I also joined a petroleum engineering lab with Dr. Eric van Oort and studied how to improve the decommissioning and abandonment of oil and gas wells using fly ash-based geopolymers. Although my interests and involvement changed throughout my four years at UT, those opportunities allowed me to develop leadership, communication and problem-solving skills that were transferable across all of the groups.


What are your plans after graduation?

After I graduate, I will be moving to Houston, Texas, to work for ExxonMobil as a Process Design Engineer in their Project Development Division. I am very excited to start my career with ExxonMobil and as a native Austinite, moving to a new city in Texas is a big deal for me!


What will you miss most about The McKetta Department of Chemical Engineering?

The community! At the end of my four years, I felt very close to the people I graduated with. We spent so many hours studying for difficult exams and working on homework sets together. People who graduate from the McKetta Department of Chemical Engineering form lifelong bonds with their classmates because you really do see each other through thick and thin. Without the support I had or the friendships I made at Texas ChE, I would not be the same engineer or person I am today.


What was your most memorable moment at UT?

I studied abroad for a Maymester the summer after my freshman year in Barcelona, Spain, for Dr. Brian Korgel’s Nanotechnology and Innovation course and that is where I met most of my closest friends. The class was project-based, so we worked in a very collaborative environment during the day and then explored local restaurants and activities together in the evenings and on the weekends. We still talk and joke about our initial impressions of one another. We had no idea our group would become so close.


JESSICA HUNGJessica Hung, Texas ChE PhD 2018

Hometown: Arizona

Tell us about your time here, how did you get involved at UT?

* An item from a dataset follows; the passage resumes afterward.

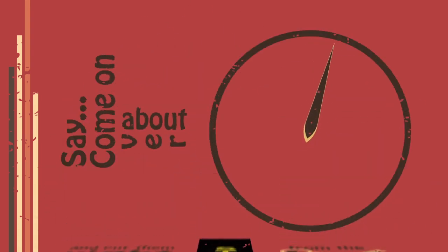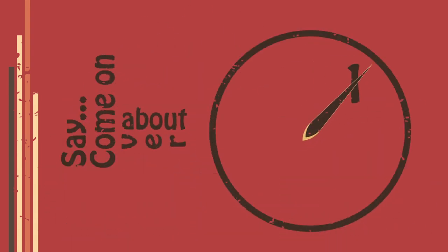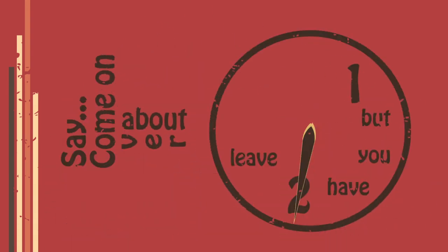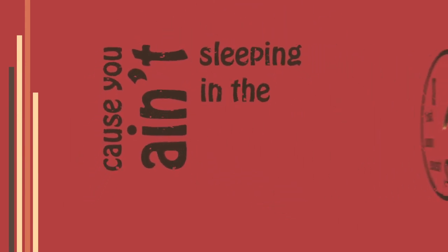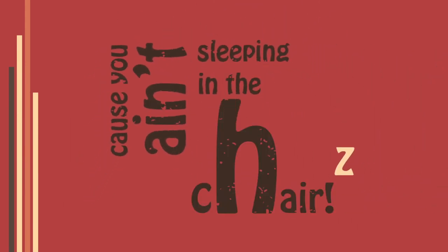Say, come on over about 1. But you had to leave at 11. Because you ain't sleeping in the chair. Thank you.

In my time at UT, I’ve been privileged enough to be able to serve as a research mentor to a large group of extremely talented undergraduates and in many ways I feel that I have learned as much from them as they have from me. I’ve also had the joy of being able to share the richness of our department and university with the general public through outreach events such as Explore UT and Introduce a Girl to Engineering Day, and to engage eager young minds in the STEM fields through those events. Education has always been an integral part of my family and culture, so I’m happy to be able to give back and pass the torch on to the next generation through these outreach and mentoring opportunities.


What are your plans after graduation?

I am now working at Bristol-Myers Squibb as a scientist, working on research closely related to my PhD thesis. My colleagues are all incredibly talented and passionate people, and I am happy to be working alongside them for a great cause — supporting the development and manufacture of next-generation biologics for treating cancer and other challenging diseases and tackling health equity through corporate outreach programs.


What will you miss most about The McKetta Department of Chemical Engineering?

I will miss the faculty, staff and fellow undergraduate/graduate students, each of who have contributed to my growth as a scientist and professional, as well as made my time at Texas ChE so enjoyable. Whether helping me with the logistics and coordination of milestones in the PhD program or providing inspiration for my research through informal chats in the hallways or in the labs, the people in the department have been invaluable in propelling me through my PhD studies and making the whole experience much more fun and rewarding.


What was your most memorable moment at UT?

The department and university as a whole has a strong sense of community and pride, so I would say some of my most memorable moments involve group outreach and activities, such as the department recruitment weekends, Explore UT/Introduce a Girl to Engineering Day and serving as a research mentor for undergraduates and high school students.